The contributions from Conservative Members left me cold. It is clear that the Conservatives have not changed one iota—they are still the same old nasty Tory party, attacking the most vulnerable and lowest paid people in this country, just as they did in the 1980s and 1990s. We heard some rather sympathetic contributions from Liberal Democrat Members. One or two even said that they will join Labour Members in the Division Lobby. Let us hope that all Liberal Democrat Members have the courage of their convictions and join us in helping to defeat this terrible piece of legislation.

The Finance Bill introduced by the Con-Dem coalition is likely to lead to a double-dip recession. It received Royal Assent on 27 July, and inevitably it will lead to an increase in unemployment. It is against that background that the Superannuation Bill has been introduced, at a time when people are looking for work and finding it difficult to obtain employment. However, the Minister for the Cabinet Office and Conservative Members want to throw people on the dole, leaving them in a vulnerable situation by undermining the terms and conditions that have been built up over many years.

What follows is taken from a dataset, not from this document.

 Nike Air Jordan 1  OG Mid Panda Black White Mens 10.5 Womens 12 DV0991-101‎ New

We heard one Member—it may even have been more than one—claim that the measure was fair in some way. The hon. Member for West Suffolk (Matthew Hancock), who regrettably is not in the Chamber, said that the Con-Dem coalition was all about fairness and was progressive as well. The Conservatives ought to look up the meaning of “fairness” and “progressive” in the Oxford English Dictionary, because the legislation that they have introduced is the very antithesis of fairness and of progressive politics. The Deputy Prime Minister himself said in the general election campaign that he wanted to “hardwire fairness into…society”. The Bill, however, is yet another example of how hollow his words really are.

The Bill is the direct opposite of fairness, and it does not strike a fair balance between taxpayers’ interests and civil servants’ legitimate expectations. It provides inadequate protection for some of the country’s lowest paid public sector workers. I wonder whether it is the thin end of the wedge. Many people in the public sector enjoy better severance packages than what is proposed in the Bill—in the national health service, in education, and in local government, the ceiling is two years—but time will tell whether they are next on the Con-Dem Government’s coalition hit list.

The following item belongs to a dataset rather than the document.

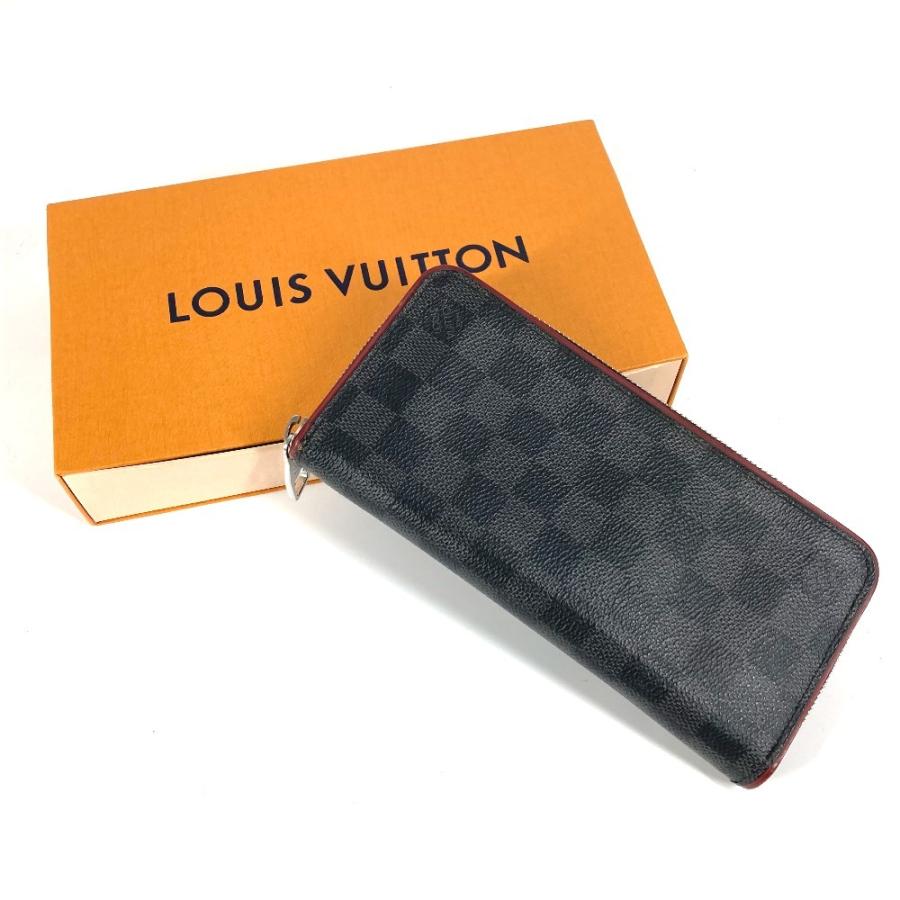 LOUIS VUITTON ルイヴィトン N63304  ジッピーウォレットヴェルティカル ロングウォレット ダミエグラフィット 長財布【中古】. | LOUIS VUITTON | 01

The Minister for the Cabinet Office told the House that he would introduce the Bill:

“I will bring legislation to the House as soon as parliamentary time allows in a Bill to limit the costs of future compensation payments for both compulsory and voluntary civil service exits.”

He went on to say that

“I hope that the Government’s invitation to the Council of Civil Service Unions will be received in the spirit it is offered and that they will engage speedily and constructively with a view to reaching an agreed, fair and sustainable long-term civil service compensation scheme.”—[Official Report, 6 July 2010; Vol. 513, c. 3WS.]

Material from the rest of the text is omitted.